7/25/09

Strange Wilderness

"You're shitting me!
You know Bigfoot's name?"

1 Star


You can tell this movie was made just to pay the bills, without working too hard to do it.
Might be pretty funny if you were 10, and had no cable and someone left it at your house.

This ragtag group of guys produce a nature show that airs at 3 in the morning. With the threat of being canceled they need something big to save their show. With a tip from an old friend they decide to hunt Bigfoot. The plot is simple enough, so there's plenty of room for cheap cheap cheap 99cent bits. Including pot jokes, dick jokes, drug jokes, and other jokes that are painfully obvious!! (Hey check it out, I smoked a shit load of weed and nitrous, and I drew a dick on the bus!) Yawn....
They really tried to push the bit that they run a nature show, but swear throughout it on the voice overs.
"This bear is the largest fuckin animal in the forest. He eats a shitload of salmon a day..."
They really beat you over the head with that one, geesh!

The two actors who actually have great comedic talent were totally butchered!
Jonha Hill (Superbad) could have easily held this movie on his own, but instead he had a third tier roll with an accent (?) that I couldn't even discern where they wanted him to be from. Made no sense. Then, there's Peter Dante (part of the Sandler troupe) who can make anything he says funny, and they kill him off in the first 15 minutes!!!
Wow. They just really wanted this movie to fail.
I'm all about the sick humor! Dick jokes? Love 'em! Stoners? Ya! F-bombs? I'm in!
But there is some sort of style, and talent that can make these elements hilarious...
this movie ditched class that day.

7/22/09

Fellon


"We're all in prison."

3.5 Stars


Well, first of all... prison is no place TO BE!!
My mom had this movie and it didn't look too bad.  She knows I like prison movies so I was in.

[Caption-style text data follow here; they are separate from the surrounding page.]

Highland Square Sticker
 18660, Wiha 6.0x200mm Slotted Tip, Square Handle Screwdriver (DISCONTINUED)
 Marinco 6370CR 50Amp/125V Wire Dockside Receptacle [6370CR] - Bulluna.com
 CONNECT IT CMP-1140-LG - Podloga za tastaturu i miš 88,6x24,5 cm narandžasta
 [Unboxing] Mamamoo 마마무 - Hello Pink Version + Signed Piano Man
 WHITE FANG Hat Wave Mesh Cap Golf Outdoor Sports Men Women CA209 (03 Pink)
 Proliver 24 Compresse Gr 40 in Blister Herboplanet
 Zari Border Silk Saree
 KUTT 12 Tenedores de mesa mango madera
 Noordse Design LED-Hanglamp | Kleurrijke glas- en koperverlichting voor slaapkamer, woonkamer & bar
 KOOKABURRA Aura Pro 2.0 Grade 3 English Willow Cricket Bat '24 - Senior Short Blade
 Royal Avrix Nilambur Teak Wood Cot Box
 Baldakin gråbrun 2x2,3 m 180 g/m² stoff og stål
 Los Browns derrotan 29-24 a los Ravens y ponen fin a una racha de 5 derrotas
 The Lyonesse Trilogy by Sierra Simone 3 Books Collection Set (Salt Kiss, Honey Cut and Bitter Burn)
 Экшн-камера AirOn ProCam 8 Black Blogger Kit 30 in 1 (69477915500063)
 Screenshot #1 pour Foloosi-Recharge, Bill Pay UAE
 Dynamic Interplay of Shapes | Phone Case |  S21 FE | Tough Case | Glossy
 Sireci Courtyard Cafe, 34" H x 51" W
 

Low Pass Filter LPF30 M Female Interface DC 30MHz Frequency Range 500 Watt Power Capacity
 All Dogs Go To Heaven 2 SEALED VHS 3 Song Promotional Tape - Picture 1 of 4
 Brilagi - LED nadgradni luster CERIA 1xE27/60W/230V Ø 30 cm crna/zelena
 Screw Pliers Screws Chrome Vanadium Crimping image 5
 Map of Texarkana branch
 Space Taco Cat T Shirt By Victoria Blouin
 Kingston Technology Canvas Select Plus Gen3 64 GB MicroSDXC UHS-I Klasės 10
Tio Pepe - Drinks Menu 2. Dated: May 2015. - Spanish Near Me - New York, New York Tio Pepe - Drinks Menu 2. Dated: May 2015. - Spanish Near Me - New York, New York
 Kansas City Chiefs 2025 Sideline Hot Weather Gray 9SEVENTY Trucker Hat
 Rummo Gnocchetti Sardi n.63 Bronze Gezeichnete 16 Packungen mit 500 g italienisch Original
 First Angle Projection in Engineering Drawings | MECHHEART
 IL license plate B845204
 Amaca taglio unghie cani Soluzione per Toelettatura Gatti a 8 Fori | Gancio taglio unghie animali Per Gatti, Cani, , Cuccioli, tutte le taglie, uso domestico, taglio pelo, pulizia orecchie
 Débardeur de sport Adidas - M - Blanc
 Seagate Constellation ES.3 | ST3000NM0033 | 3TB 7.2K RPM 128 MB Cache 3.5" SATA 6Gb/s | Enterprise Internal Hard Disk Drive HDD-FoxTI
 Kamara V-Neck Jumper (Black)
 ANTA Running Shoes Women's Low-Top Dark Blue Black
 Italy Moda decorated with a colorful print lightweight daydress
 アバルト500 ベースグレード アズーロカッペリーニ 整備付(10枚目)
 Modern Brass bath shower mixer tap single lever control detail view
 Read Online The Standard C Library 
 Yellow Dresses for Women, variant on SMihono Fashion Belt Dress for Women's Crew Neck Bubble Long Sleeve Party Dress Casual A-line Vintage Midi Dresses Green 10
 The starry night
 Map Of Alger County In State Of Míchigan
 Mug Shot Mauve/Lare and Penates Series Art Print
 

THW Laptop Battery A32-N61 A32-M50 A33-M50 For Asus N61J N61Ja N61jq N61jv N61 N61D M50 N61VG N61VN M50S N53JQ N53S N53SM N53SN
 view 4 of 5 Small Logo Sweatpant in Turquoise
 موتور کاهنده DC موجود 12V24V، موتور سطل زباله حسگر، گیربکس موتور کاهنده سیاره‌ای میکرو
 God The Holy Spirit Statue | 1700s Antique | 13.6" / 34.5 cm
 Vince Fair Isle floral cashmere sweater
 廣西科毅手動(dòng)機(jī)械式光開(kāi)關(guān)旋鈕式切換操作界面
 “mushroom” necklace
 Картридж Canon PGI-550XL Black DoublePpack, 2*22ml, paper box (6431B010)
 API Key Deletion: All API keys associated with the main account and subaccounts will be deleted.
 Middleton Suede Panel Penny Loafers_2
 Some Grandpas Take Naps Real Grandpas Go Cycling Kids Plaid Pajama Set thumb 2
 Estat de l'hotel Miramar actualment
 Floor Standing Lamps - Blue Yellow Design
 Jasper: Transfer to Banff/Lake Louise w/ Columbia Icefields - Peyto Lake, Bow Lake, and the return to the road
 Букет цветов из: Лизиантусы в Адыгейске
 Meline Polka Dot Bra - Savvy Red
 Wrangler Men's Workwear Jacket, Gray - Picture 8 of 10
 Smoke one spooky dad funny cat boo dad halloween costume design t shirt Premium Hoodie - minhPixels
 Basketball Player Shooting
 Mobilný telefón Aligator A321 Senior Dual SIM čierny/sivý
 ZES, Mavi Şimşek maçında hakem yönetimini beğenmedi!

Interesting premiss.  Porter (Stephen Dorff) is a hard working new father, and starting his own construction business. A burglar enters the house and after making sure his family is in one spot he grabs his baseball bat and searches the house.  The robber bolts and as he's running out Porter throws a fatal and the bad guy is dead on his lawn.
Now here's the most discussed part of this movie for us.  Because he was killed outside of the house, Porter is now placed under arrest and charged with murder.  Apparently this is knowledge my Grandfather knew already.  
"Drag 'em into the house." he said, according to my mom.  Leave it to Grandpa to know the loop holes.

Porter's prison experience quickly turns for the worst and he is soon placed in a max security prison, "The Shoe".  It all happens so fast and you can't help but feel so bad for this guy who was only protecting his family.  
The prison has a sort of "fight club" that the guards bet on and enjoy watching.  Porter learns to hold his own, and survive.  
Val Kilmer, who can easily be mistaken for Jeff Bridges in this, is his cellmate.  He's got his own story, and I appreciate that their relationship wasn't so predictable.
The women in this movie were very miscast. I'm confident that's what cheapened this movie.
There was a poor man's Mary Steenburgen as his mother-in-law, and the wife was very unsympathetic.
But there were about... two "oh shit!" moments and that's a good thing.

Lessons learned?  
  • Don't go to jail.
  • Drag 'em into the house!
  • And pay up, and get Mary Steenburgen.